DIY Cryptography with Perl 6

Part 3:
Changing Keys

by Arne Sommer

DIY Cryptography with Perl 6

Part 3: Changing Keys

See also: The Introduction | Part 1: Base 36 | Part 2: Base 400.

Very long messages are vulnerable to Letter Frequency Analysis, even when we use Base 400 encryption, as the 10 possible codes for each character will be evenly distributed for large selections. We can avoid that (or at least making it considerably harder) by changing the key after encoding part of the message.

I'll describe the decryption part first:

  1. We start with a key (e.g. "YW") and a base 36 string (e.g. "RB0192LKQJQL98"), giving a sequence of base 400 numbers (0-399)
  2. We decode the first number with the key, giving a base 40 character.
  3. We use the index in the base 40 character set to get an integer. That integer is the number of characters to decode, with that key.
  4. Then we decode that number of characters. (The decoder stops when reaching the end, so the number can be longer than the actual number of numbers to decode.)
  5. If there are more integers, decode the next two as well.

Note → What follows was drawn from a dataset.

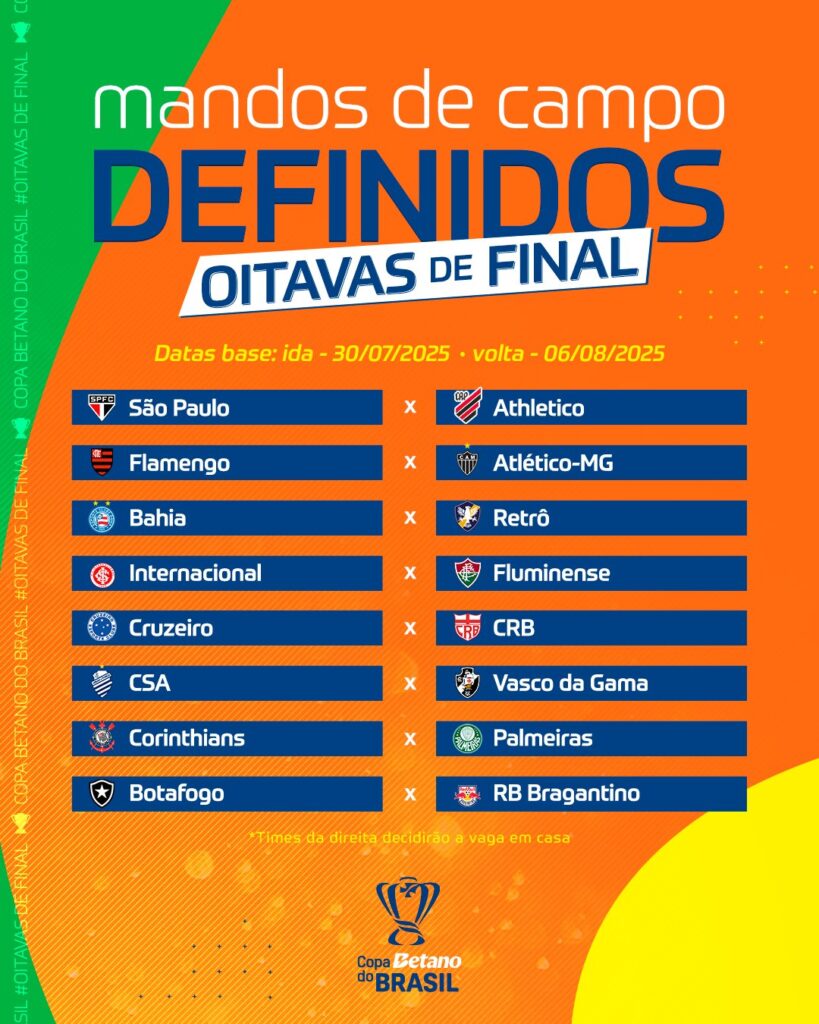 Copa do Brasil: confira o resultado do sorteio das oitavas de final 1 Mandos de campo da Copa do Brasil também foram definidos nesta segunda-feira (02). Foto: CBF TV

They are the next key to use.
  6. Go to step 2

If we specify the wrong key, a modified string, or the secret keys don't match, we'll get gibberish in return. As the key is also specified as two base 40 characters the program will happily go on. The decryption algorithm gives valid output regardless of what we have given it, so an attacker will not get any help when trying to guess the keys. And will have to try all the possibilites and look for recognizable text in them. E.g:

$ perl6 decrypt AA 149N6WI1IUI6ODASEEJRO
YSYI44FE6YUUOH8W

$ perl6 decrypt AB 149N6WI1IUI6ODASEEJRO
4E0DPEVQ8.1AZN Y

The code:

File: lib/Cryptoish.pm6 (partial)
my %base40values = @base40.map( { $_ => $++ } );

our sub multidecrypt (Alphabet $key is copy, Str $value, :$secret)
{
  my &get-secret = load-it($secret);

  sub char-from-key($key, $index)
  {
    return @( &get-secret($key) ).substr($index, 1);
  }

  my $number = $value.parse-base($wrapper);                   # [1]
  my @numbers;                                                # [1]
  while $number                                               # [1]
  {
    @numbers.push($number % $base);                           # [1]
    $number = $number div $base;                              # [1]
  }

  my $result = "";
  
  while (@numbers)
  {
    my $count = %base40values{ char-from-key($key, @numbers.shift) }; # [2][3]

    if $count
    {
      my @partial = @numbers.splice(0, $count);           # [4]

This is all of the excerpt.